Note: Company names, engineers, incidents, numbers, and scaling scenarios in this article are hypothetical — even when they resemble real ones. See the full disclaimer.
Workflow-as-code vs DAG-as-yaml
It is 2am at MealRush and Karan, the on-call data engineer, is staring at an Airflow DAG that refuses to run for one specific restaurant. The DAG has 14 tasks; the third task — a branch operator — is supposed to skip the price-recomputation step on weekdays after 11pm and run a lighter version instead. The branch is yaml: a BranchPythonOperator that returns the name of the next task to run. For 99.97% of restaurants the branch fires correctly. For one restaurant in Indore, the branch returns the wrong task name, the lighter path never runs, and a daily ₹4-lakh rollup is missing. There is no stack trace. There is a yaml file, a xcom table, and a 90-second wait between scheduler ticks.

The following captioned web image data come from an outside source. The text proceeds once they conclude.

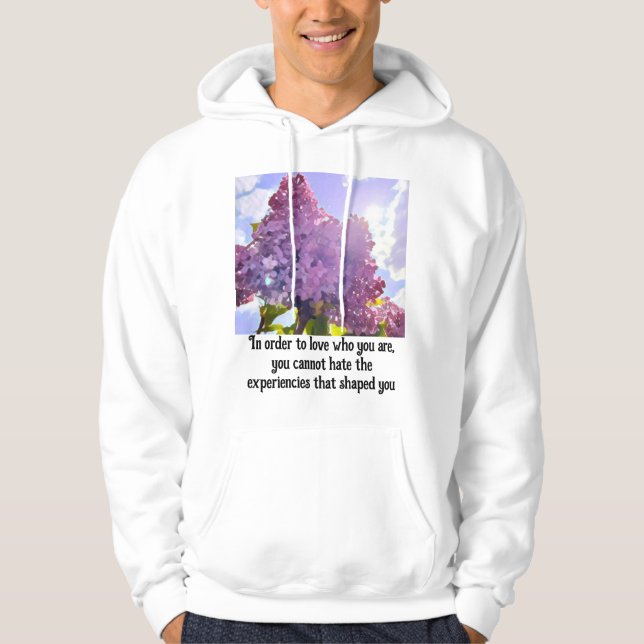 Moletom purple Floral photo bouquet inspirational phrase (Frente)
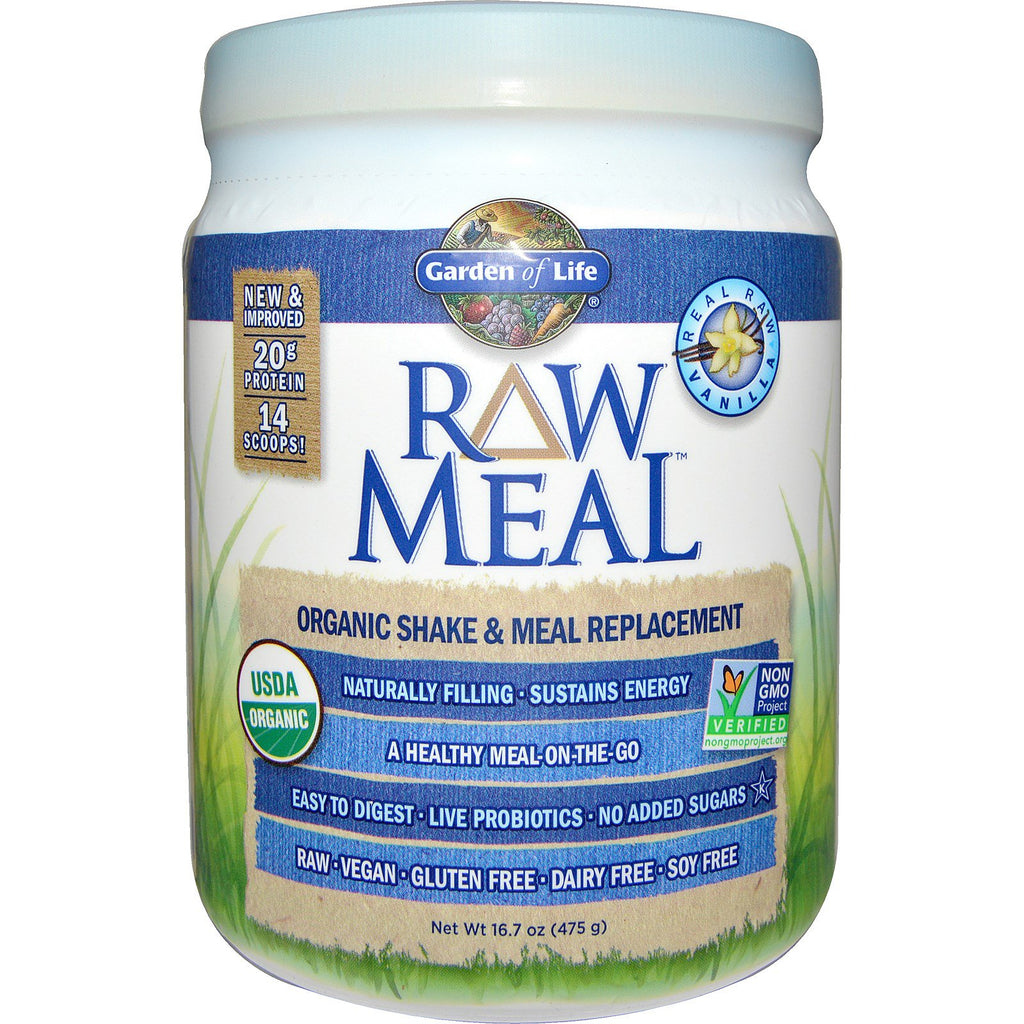 Garden of Life, RAW Meal, Shake & Meal Replacement, vanilj, 16,7 oz (475 g)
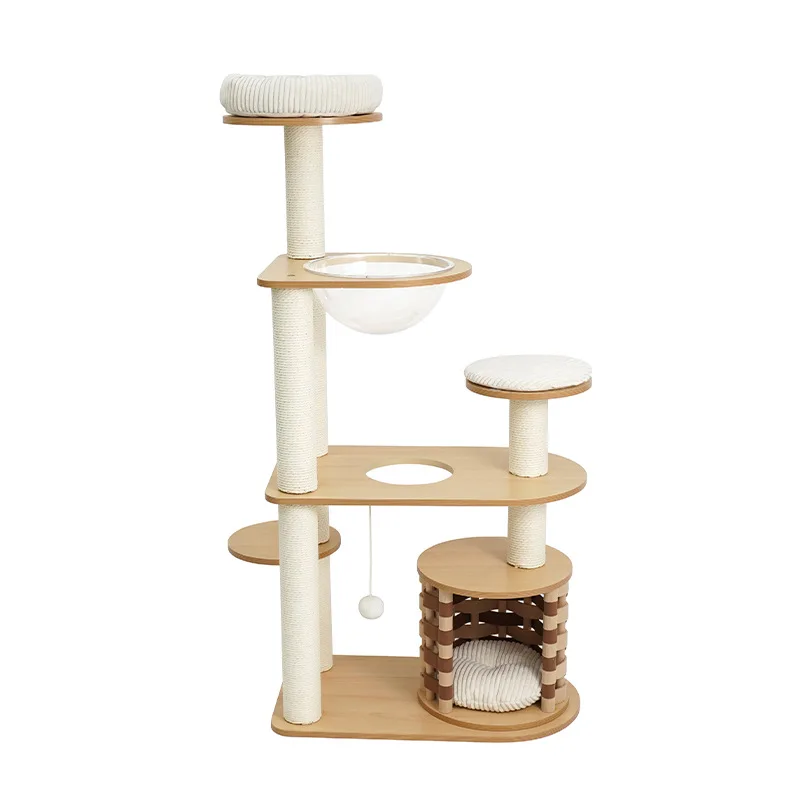 

Modern style wooden cat climbing frame cat nest scratching column integrated jumping platform to keep warm cat nest universal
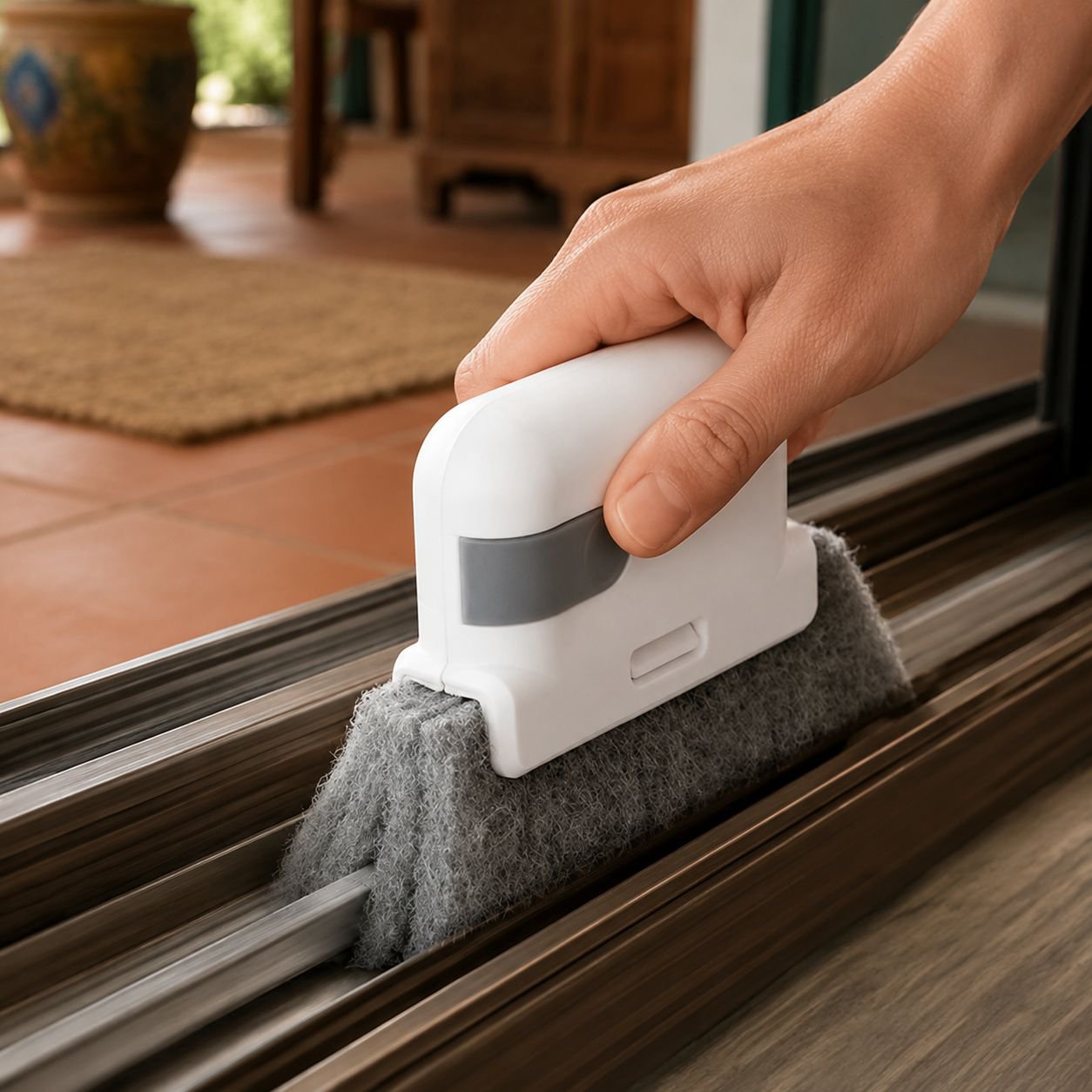 Cepillo multifuncional para limpieza profunda de ventanas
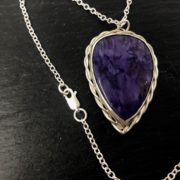 cheroite-pear-drop-plaited-sterling-silver-pendant-front-sandrakernsjewellery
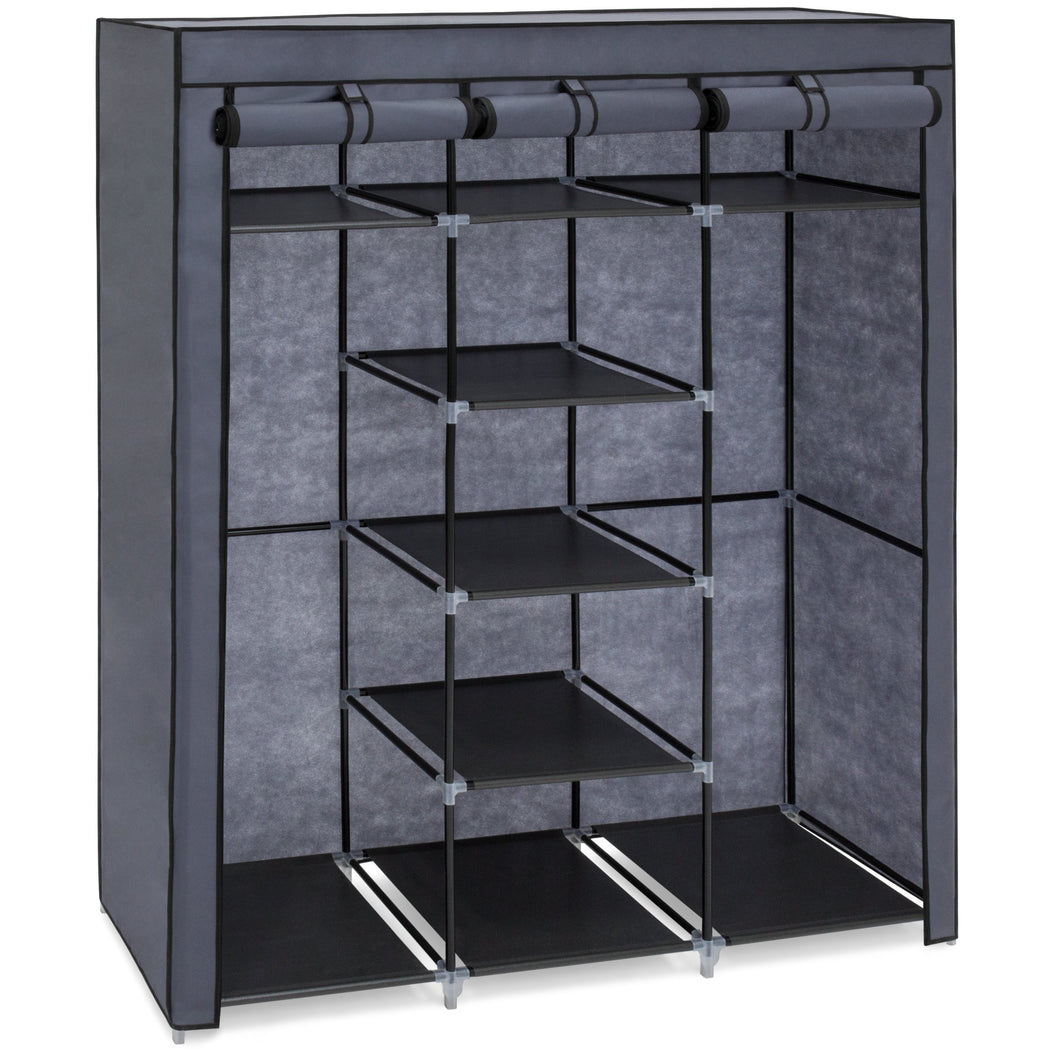 9-Shelf Portable Fabric Closet w/ Cover and Adjustable Rods - Gray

This is the central tension in workflow engines: the workflow has to be durable (survive crashes, retries, restarts) and inspectable (the engine has to know which step is next), and there are two fundamentally different ways to satisfy both constraints. The DAG-as-yaml camp (Airflow, Argo Workflows, AWS Step Functions State Language) declares the workflow as a static structure the engine interprets — every node, every edge, every condition lives in configuration. The workflow-as-code camp (Temporal, Cadence, DBOS, Dapr Workflows) lets you write the workflow in an ordinary programming language — if, for, try/except, function calls — and the engine durably records every effect so that re-running the same code produces the same decisions. The choice shapes everything downstream.
DAG-as-yaml engines store the workflow as static configuration the engine walks; workflow-as-code engines store an event history of activity results and replay it through your code to reconstruct state. The yaml camp wins on visualisation and SQL-queryable structure; the code camp wins on dynamic branching, expressivity, and local debugging. The architectural primitive that makes workflow-as-code possible is deterministic replay — and once you understand replay, the rest of the trade-offs follow mechanically.
The two execution models — what the engine actually stores
A DAG-as-yaml engine stores the workflow definition itself: nodes, edges, dependencies, retry policies, schedules — all parsed from yaml or json at deploy time and held in the metastore. When a workflow run begins, the engine creates a run record whose state is "task A: pending, task B: pending, …" and walks the graph node-by-node, marking each task running, then success or failed, then promoting downstream tasks to pending. The state machine is the engine's; your code only runs inside individual tasks.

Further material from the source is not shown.